- **Your objective**
Below are some records. Return exactly their lines from the one containing "Beiger Steppmantel mit" through the one containing "Baby wrapped in bunting", and drop the pictures.
BEGIN Records supplied
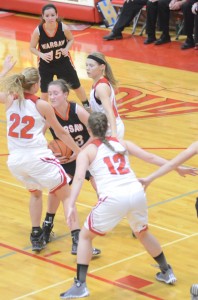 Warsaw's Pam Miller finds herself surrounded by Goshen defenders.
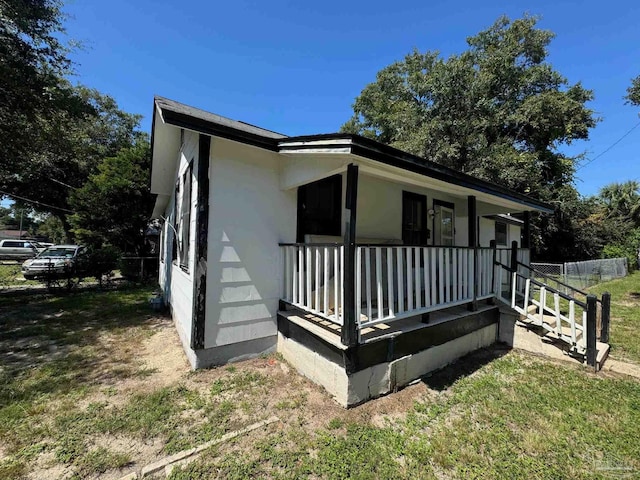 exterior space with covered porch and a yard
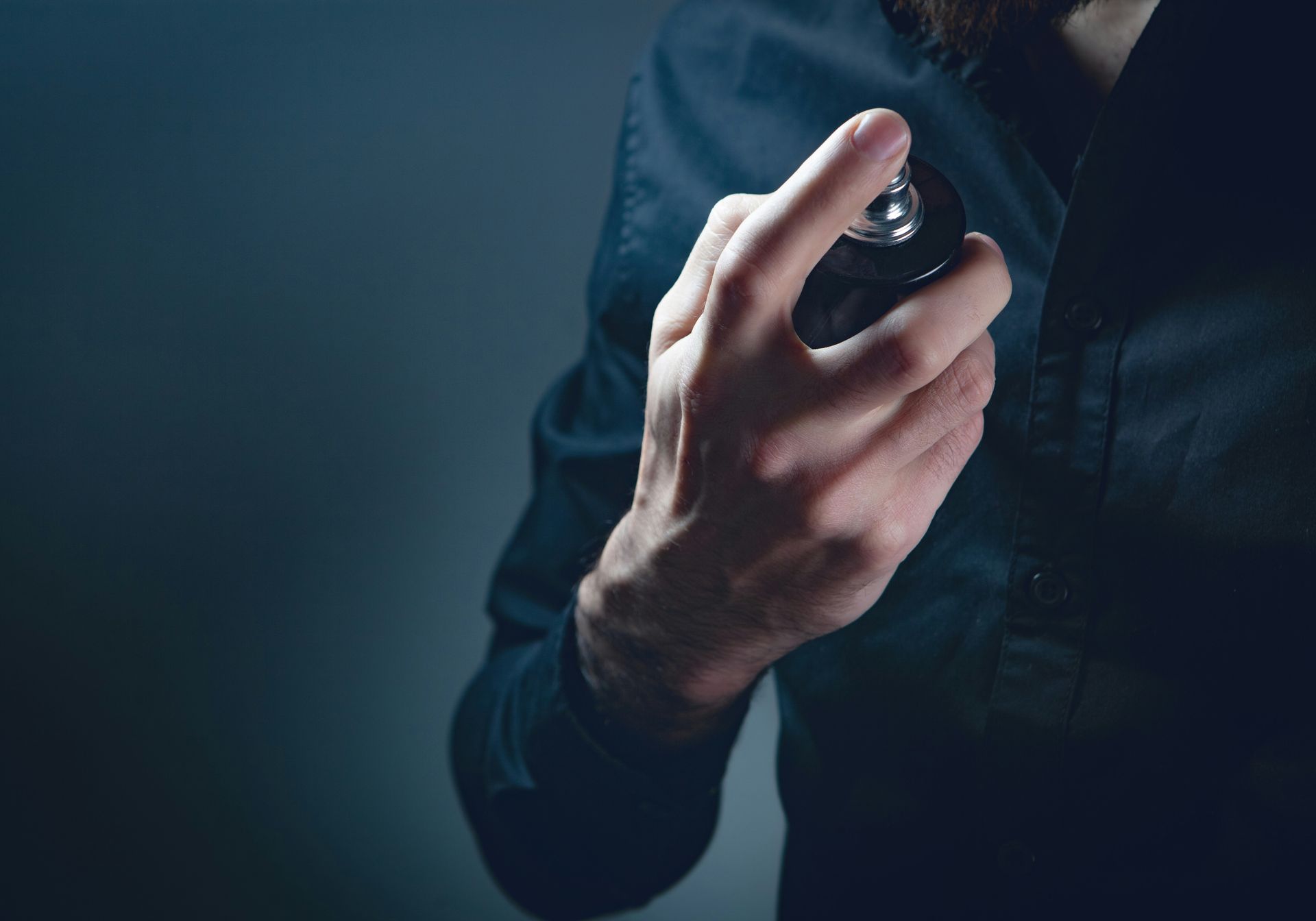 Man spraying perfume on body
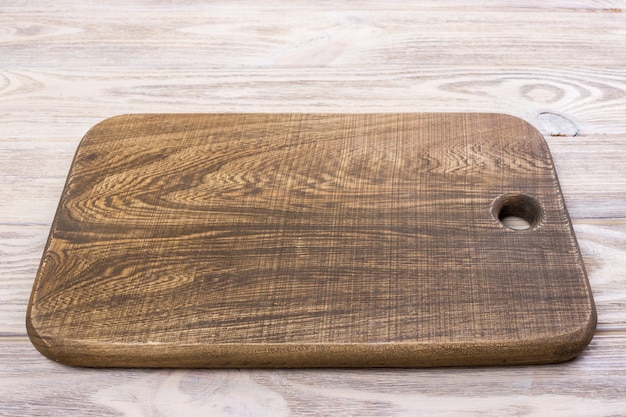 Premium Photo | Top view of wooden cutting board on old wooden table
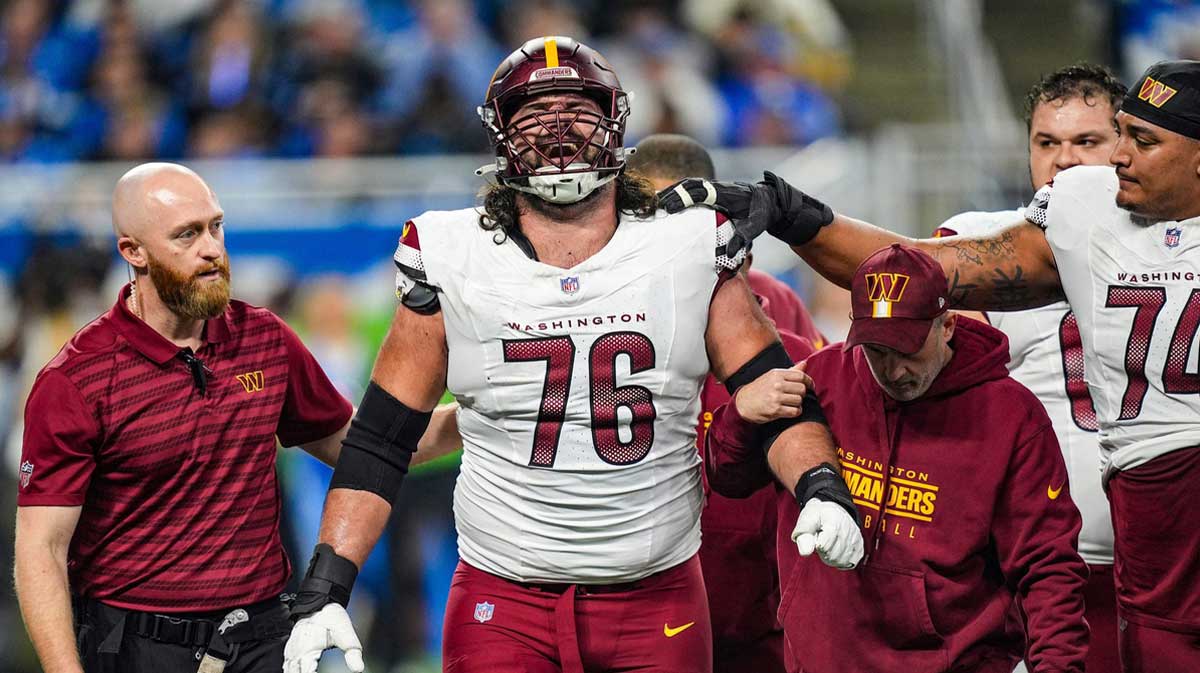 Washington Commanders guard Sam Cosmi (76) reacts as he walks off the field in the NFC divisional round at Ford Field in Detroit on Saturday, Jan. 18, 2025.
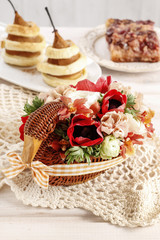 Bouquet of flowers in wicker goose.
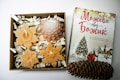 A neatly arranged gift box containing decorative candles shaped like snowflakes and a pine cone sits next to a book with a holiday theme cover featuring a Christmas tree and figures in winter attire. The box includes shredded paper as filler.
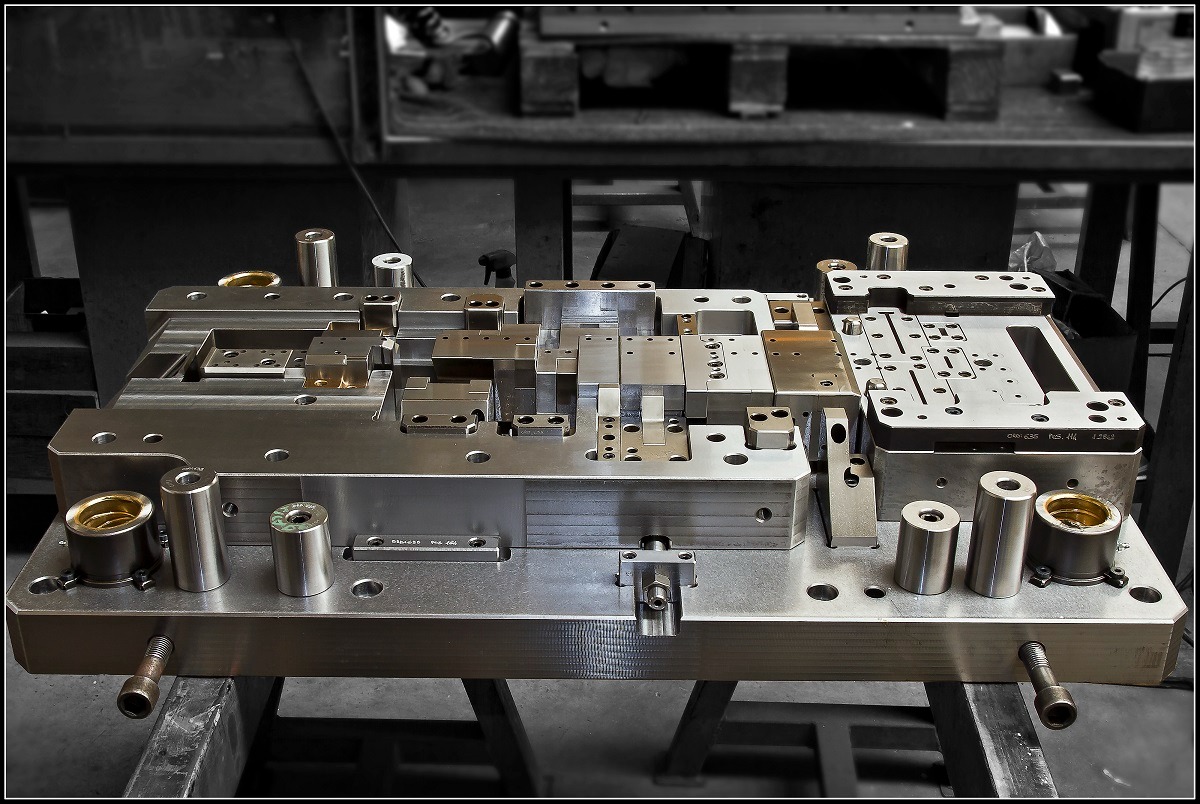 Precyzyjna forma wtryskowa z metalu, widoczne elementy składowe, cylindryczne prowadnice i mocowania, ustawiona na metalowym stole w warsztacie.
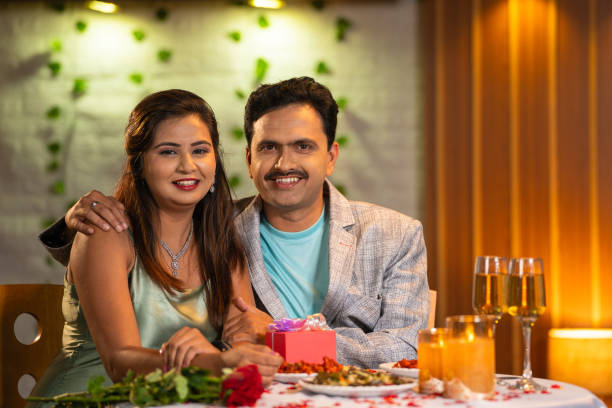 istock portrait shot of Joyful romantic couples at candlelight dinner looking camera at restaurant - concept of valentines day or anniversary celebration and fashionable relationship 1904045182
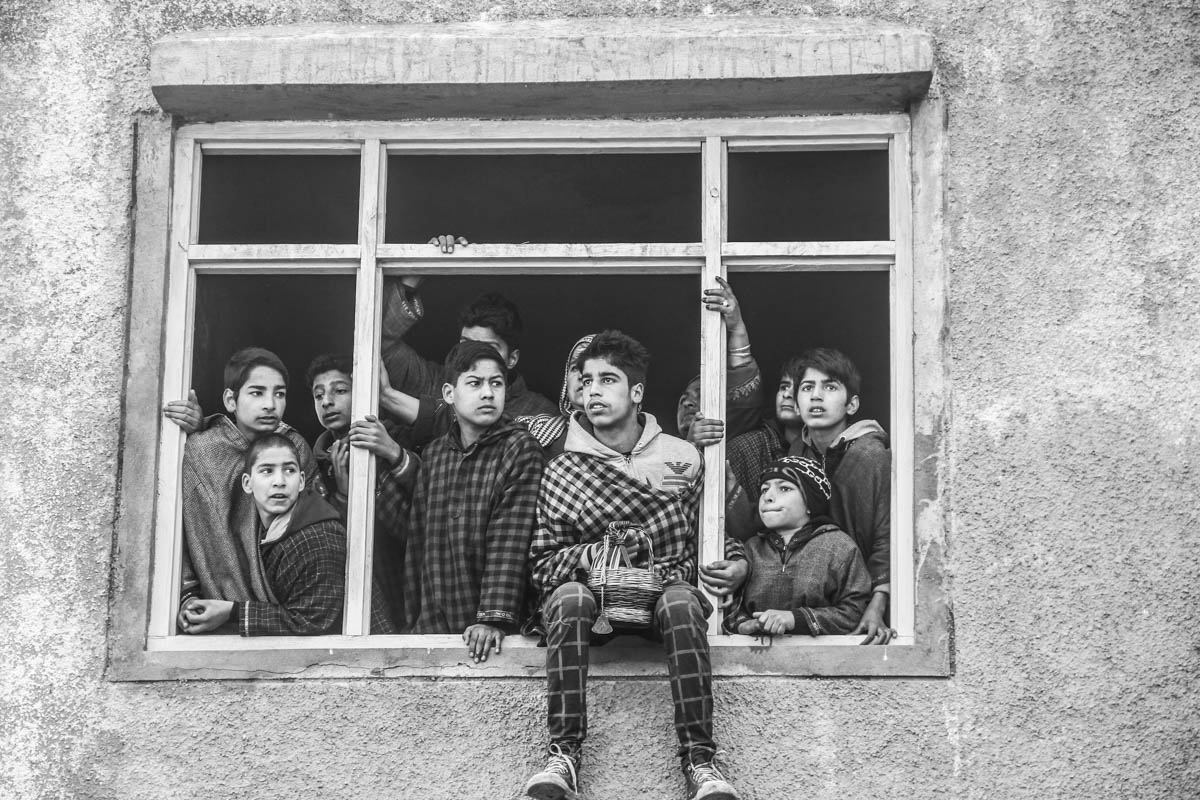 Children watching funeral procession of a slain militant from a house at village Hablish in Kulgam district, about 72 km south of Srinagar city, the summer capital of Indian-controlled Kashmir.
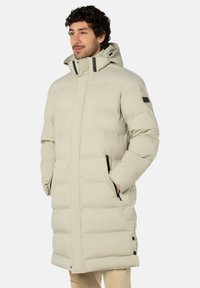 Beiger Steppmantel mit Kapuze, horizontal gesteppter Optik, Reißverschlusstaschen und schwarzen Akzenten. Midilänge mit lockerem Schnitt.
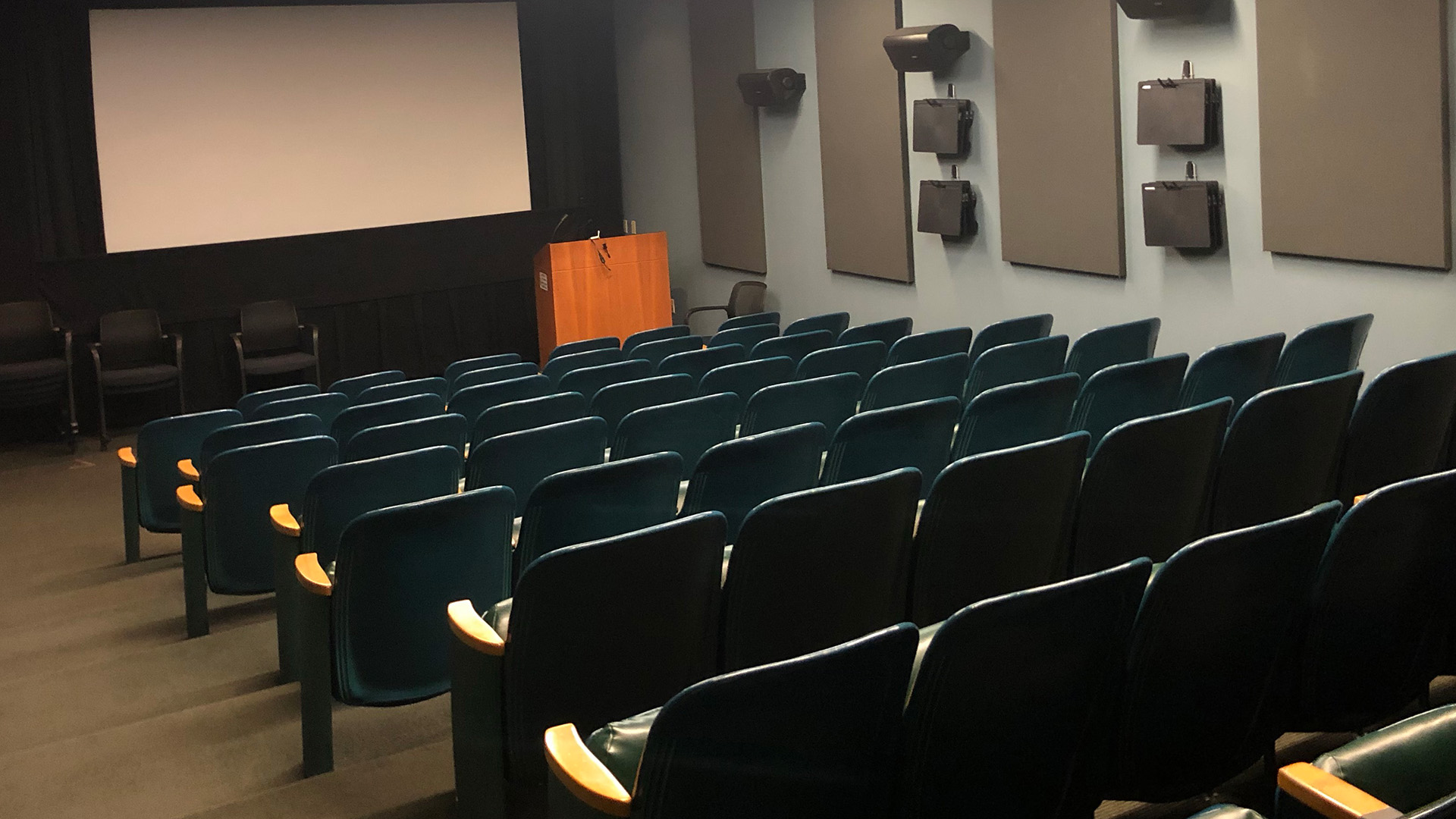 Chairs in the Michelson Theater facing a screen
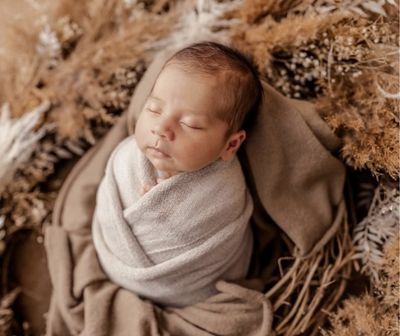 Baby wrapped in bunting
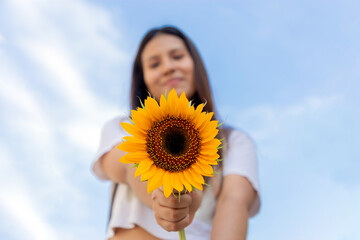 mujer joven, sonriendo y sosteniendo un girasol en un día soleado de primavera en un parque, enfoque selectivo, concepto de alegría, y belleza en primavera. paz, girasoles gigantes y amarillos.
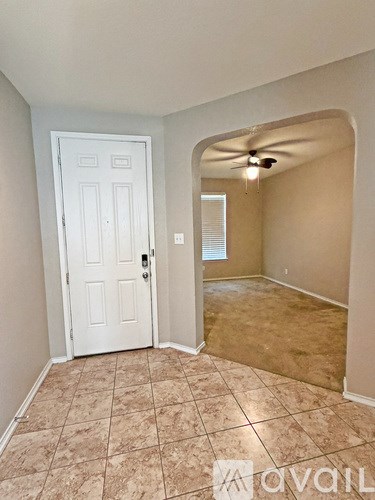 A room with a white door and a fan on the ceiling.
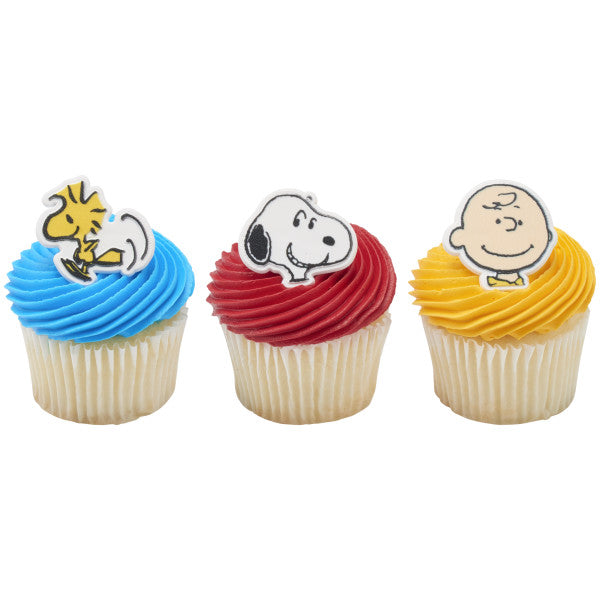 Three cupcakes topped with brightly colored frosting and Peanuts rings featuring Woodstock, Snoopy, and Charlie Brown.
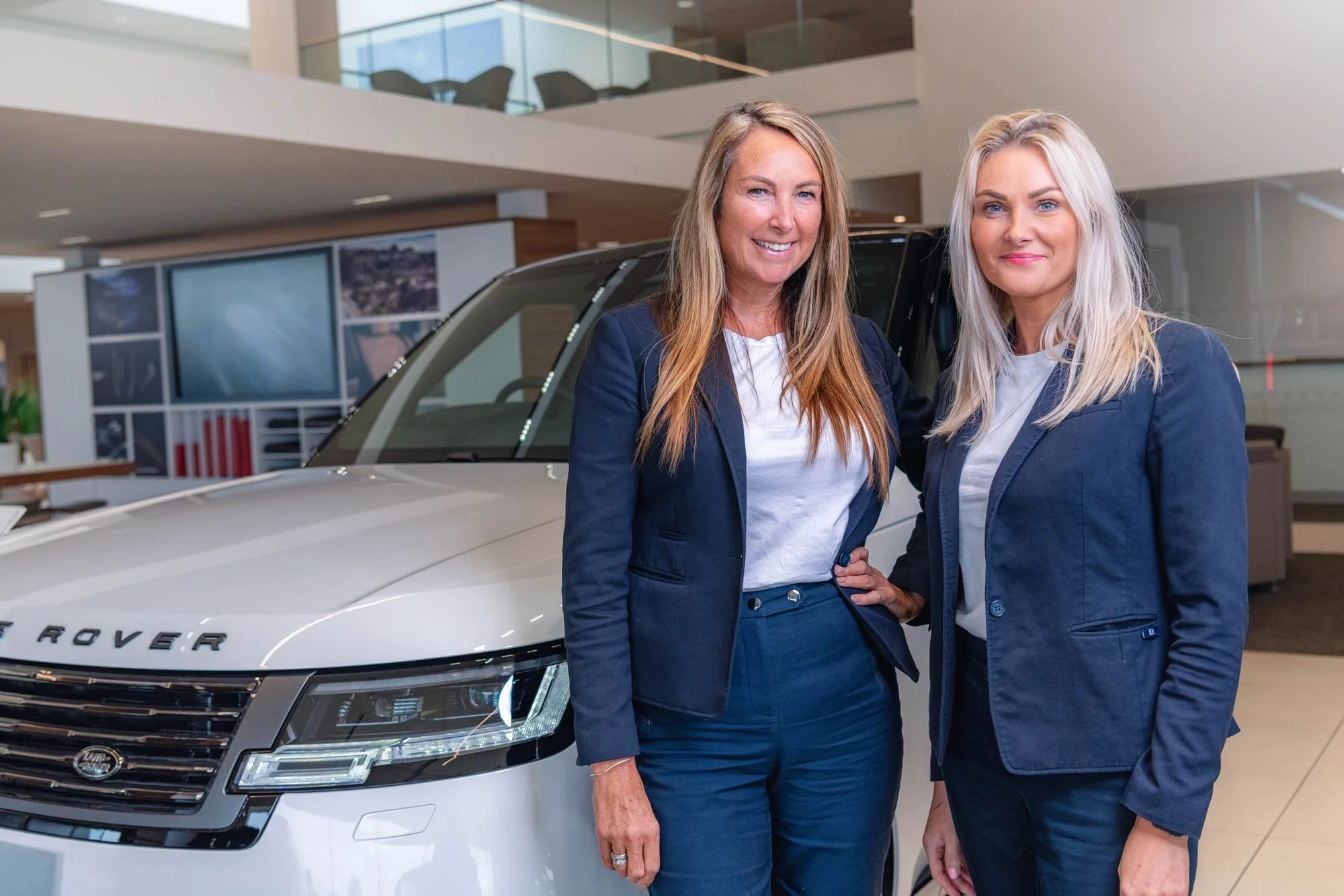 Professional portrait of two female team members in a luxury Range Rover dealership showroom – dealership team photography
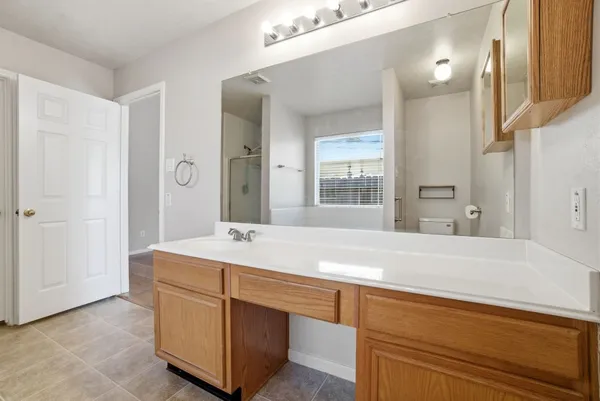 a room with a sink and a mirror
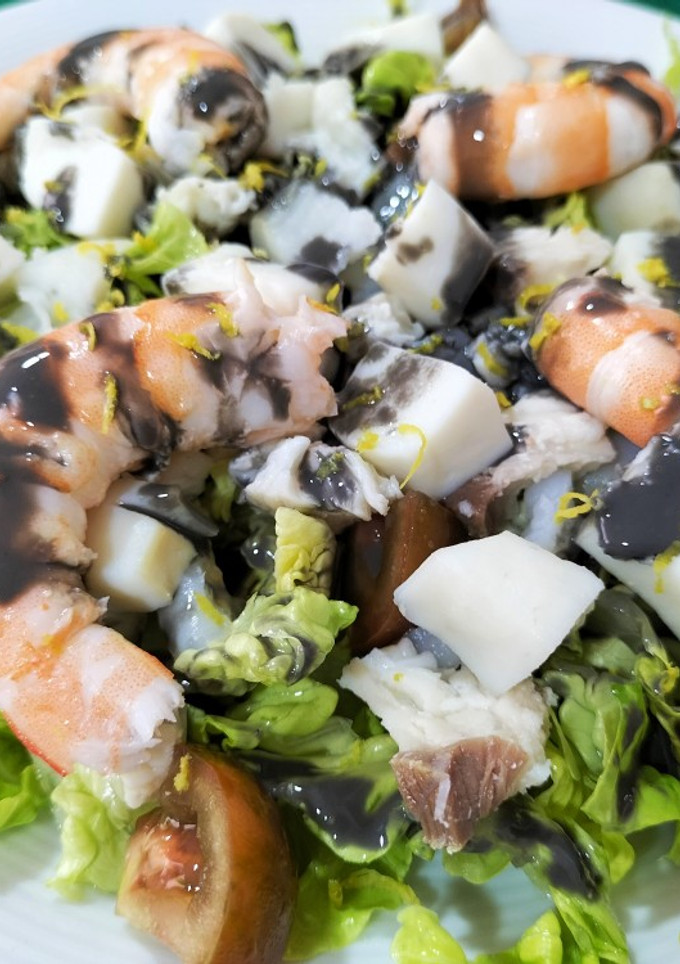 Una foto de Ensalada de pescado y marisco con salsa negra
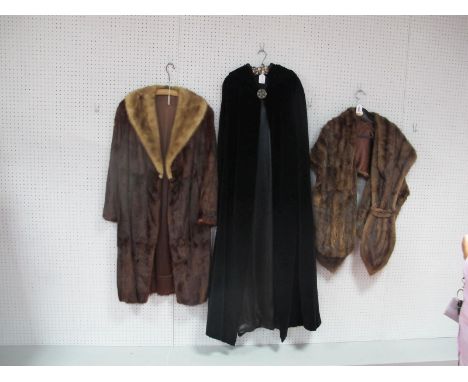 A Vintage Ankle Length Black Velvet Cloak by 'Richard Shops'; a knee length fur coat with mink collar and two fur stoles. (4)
END Records supplied
- **Response area**
 Beiger Steppmantel mit Kapuze, horizontal gesteppter Optik, Reißverschlusstaschen und schwarzen Akzenten. Midilänge mit lockerem Schnitt.
 Chairs in the Michelson Theater facing a screen
 Baby wrapped in bunting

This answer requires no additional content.